WHAT TO WORK ON:
Set down each line of the records once more, precisely, and omit the pictures.

Crawled caption data:
┄┄┄┄┄┄┄┄┄┄
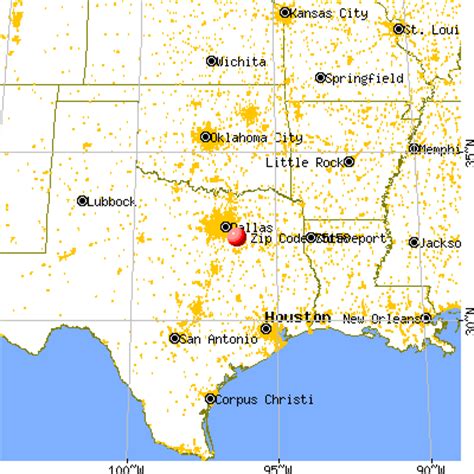 ZIP Code 75158 Map, Demographics, More for Scurry, TX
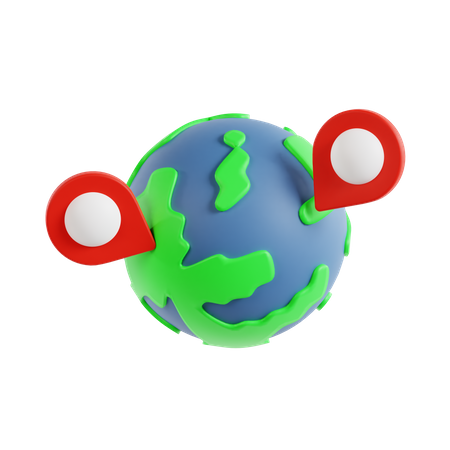 Localización mundial  3D Icon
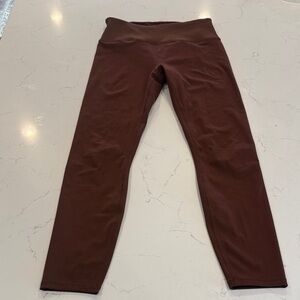 Vuori Chocolate Brown Leggings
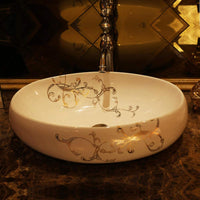 Ceramic Countertop Basin Oval  Bathroom Ceramic Si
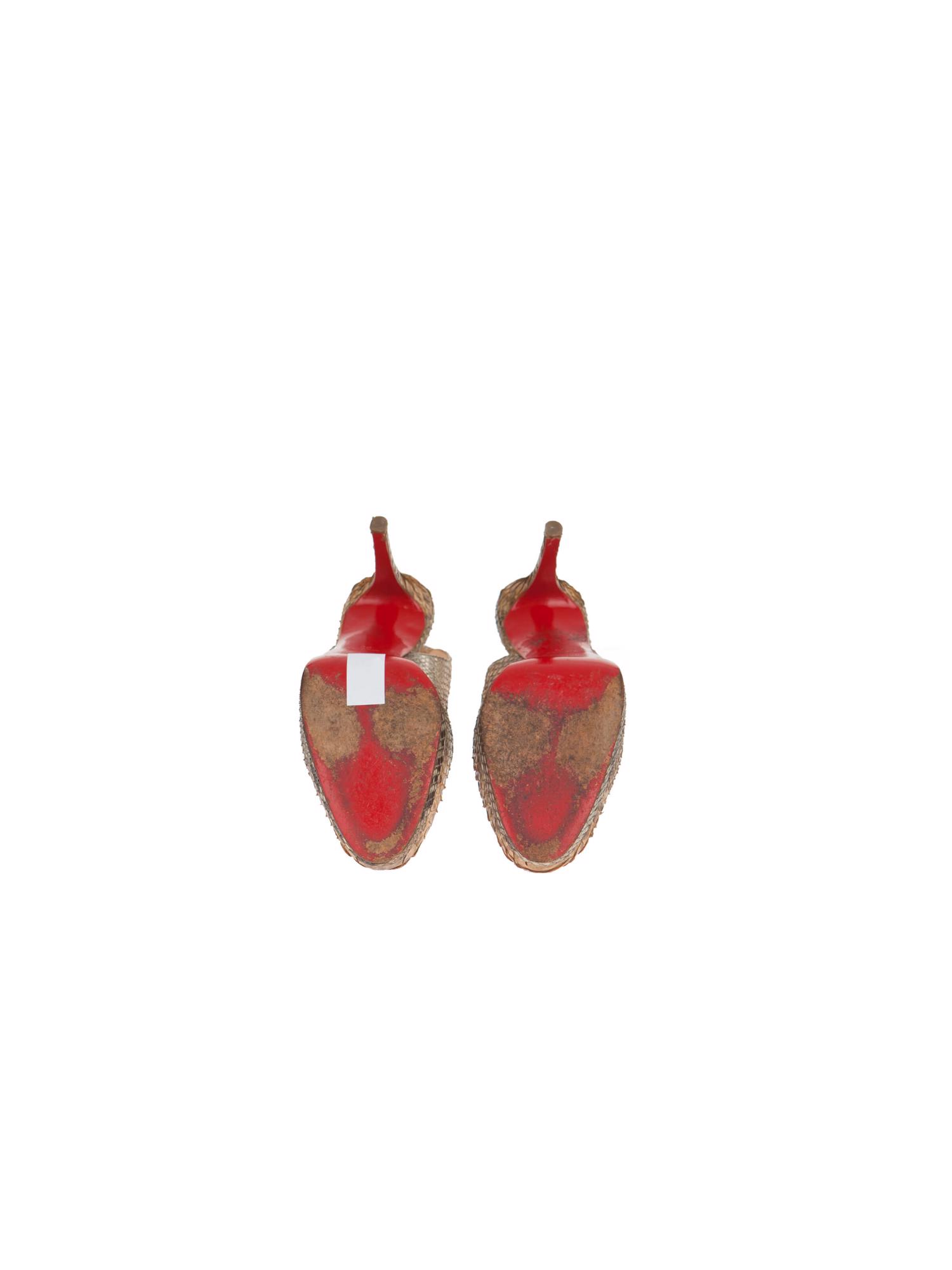 Bayan Bej CHRISTIAN LOUBOUTIN AYAKKABI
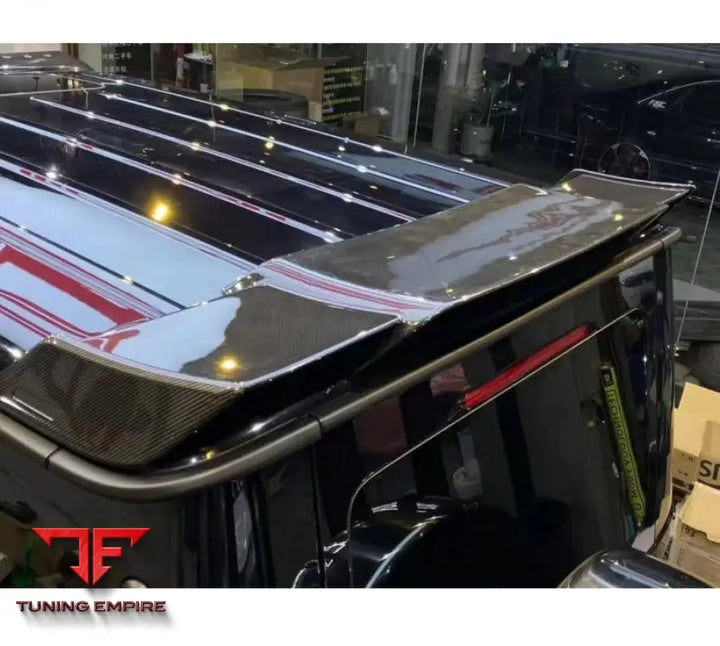 MERCEDES W464 G CLASS CARBON FIBER REAR SPOILER FIT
┄┄┄┄┄┄┄┄┄┄
RESPONSE BOX:
 ZIP Code 75158 Map, Demographics, More for Scurry, TX
 Localización mundial  3D Icon
 Vuori Chocolate Brown Leggings
 Ceramic Countertop Basin Oval  Bathroom Ceramic Si
 Bayan Bej CHRISTIAN LOUBOUTIN AYAKKABI
 MERCEDES W464 G CLASS CARBON FIBER REAR SPOILER FIT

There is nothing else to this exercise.